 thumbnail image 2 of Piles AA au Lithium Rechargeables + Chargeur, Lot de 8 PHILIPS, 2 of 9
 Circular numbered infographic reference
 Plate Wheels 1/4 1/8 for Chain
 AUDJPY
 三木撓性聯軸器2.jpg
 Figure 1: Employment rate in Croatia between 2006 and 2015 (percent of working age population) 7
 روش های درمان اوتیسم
◇ ◇ ◇ ◇
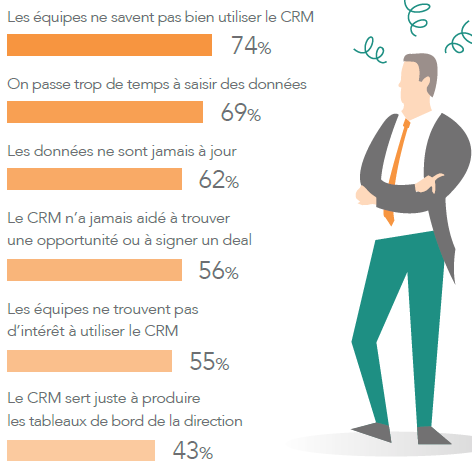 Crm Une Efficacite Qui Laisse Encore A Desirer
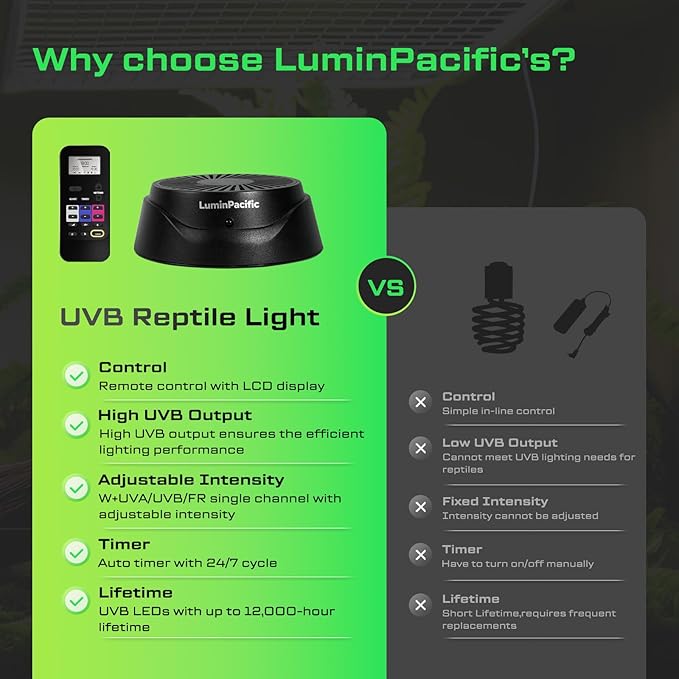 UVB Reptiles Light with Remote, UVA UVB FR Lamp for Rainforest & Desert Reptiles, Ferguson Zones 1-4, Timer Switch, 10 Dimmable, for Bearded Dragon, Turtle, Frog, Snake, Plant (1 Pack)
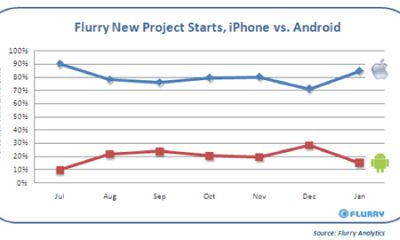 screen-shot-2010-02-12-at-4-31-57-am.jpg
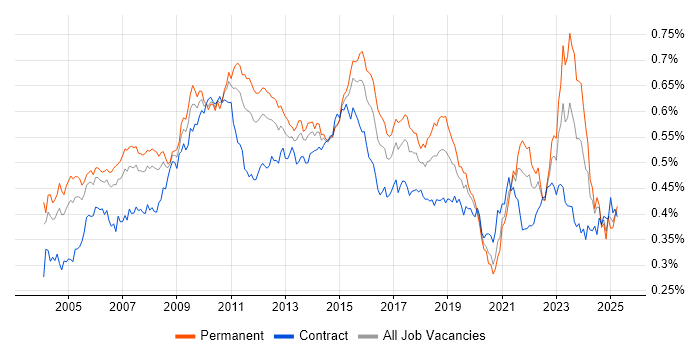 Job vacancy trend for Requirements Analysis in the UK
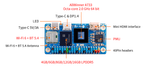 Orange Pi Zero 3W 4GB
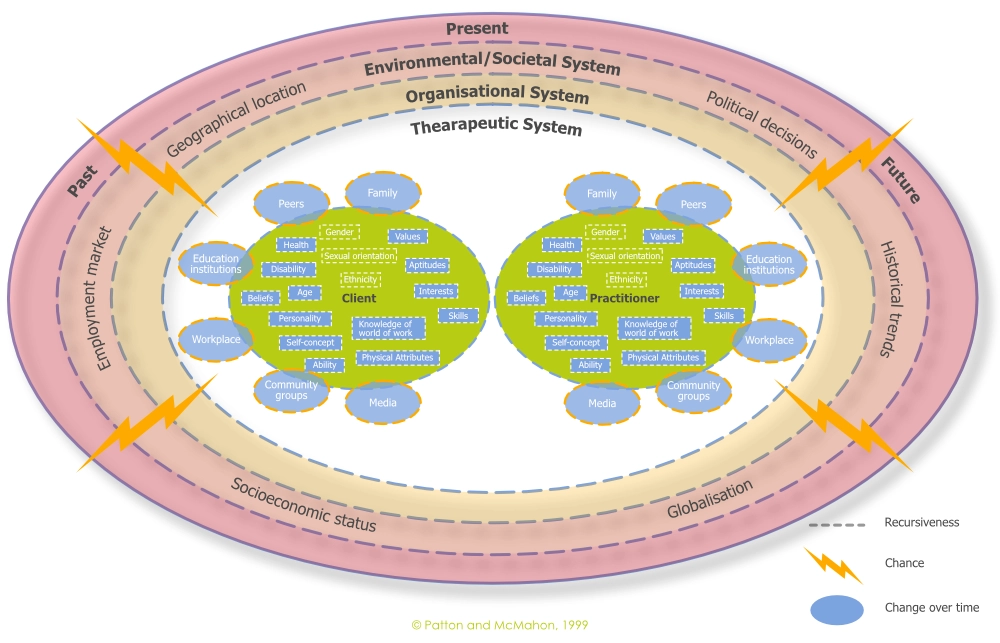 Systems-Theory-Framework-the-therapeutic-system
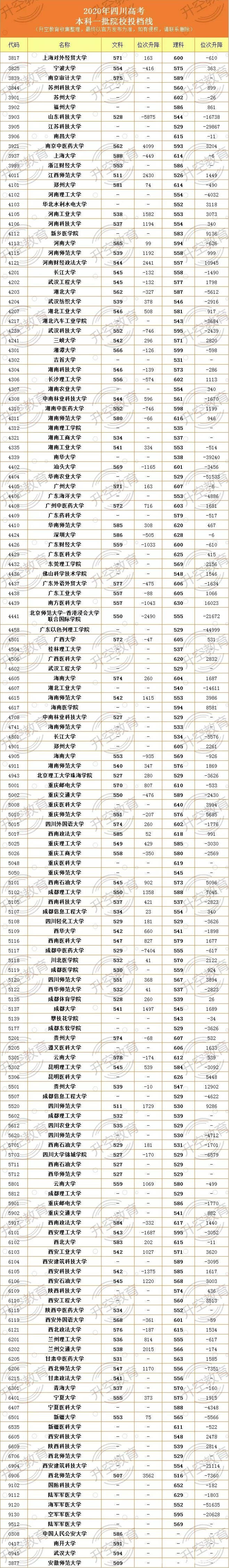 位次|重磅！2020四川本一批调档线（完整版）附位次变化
◇ ◇ ◇ ◇
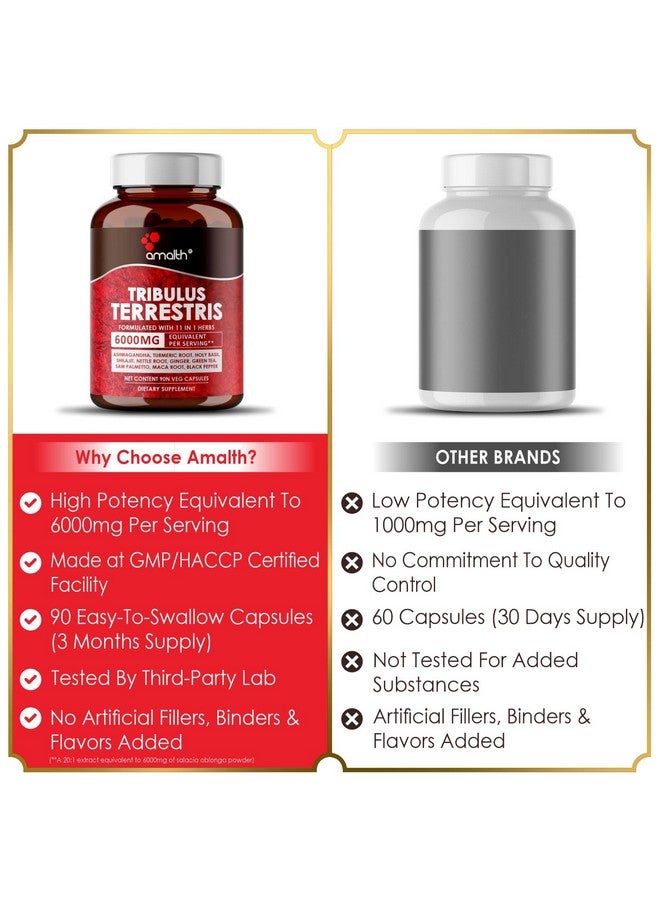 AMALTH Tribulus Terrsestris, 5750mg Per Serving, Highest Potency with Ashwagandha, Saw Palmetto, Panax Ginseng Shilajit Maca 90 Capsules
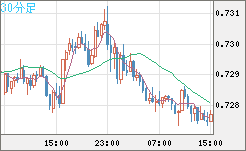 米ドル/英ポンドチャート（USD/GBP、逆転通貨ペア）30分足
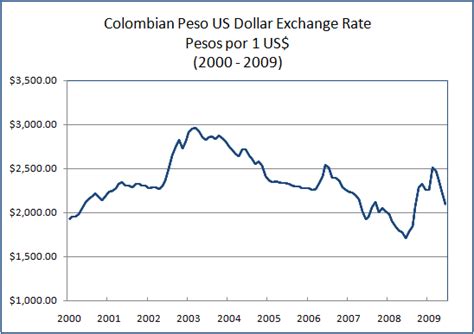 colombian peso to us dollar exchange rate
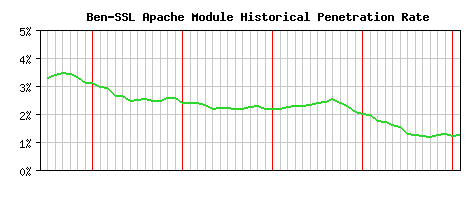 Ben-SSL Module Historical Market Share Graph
◇ ◇ ◇ ◇
Above are some lines. Repeat exactly, and only, those from the line that has "thumbnail image 2" through the line that has "روش های درمان اوتیسم".

**Solution to this problem:**
 thumbnail image 2 of Piles AA au Lithium Rechargeables + Chargeur, Lot de 8 PHILIPS, 2 of 9
 Circular numbered infographic reference
 Plate Wheels 1/4 1/8 for Chain
 AUDJPY
 三木撓性聯軸器2.jpg
 Figure 1: Employment rate in Croatia between 2006 and 2015 (percent of working age population) 7
 روش های درمان اوتیسم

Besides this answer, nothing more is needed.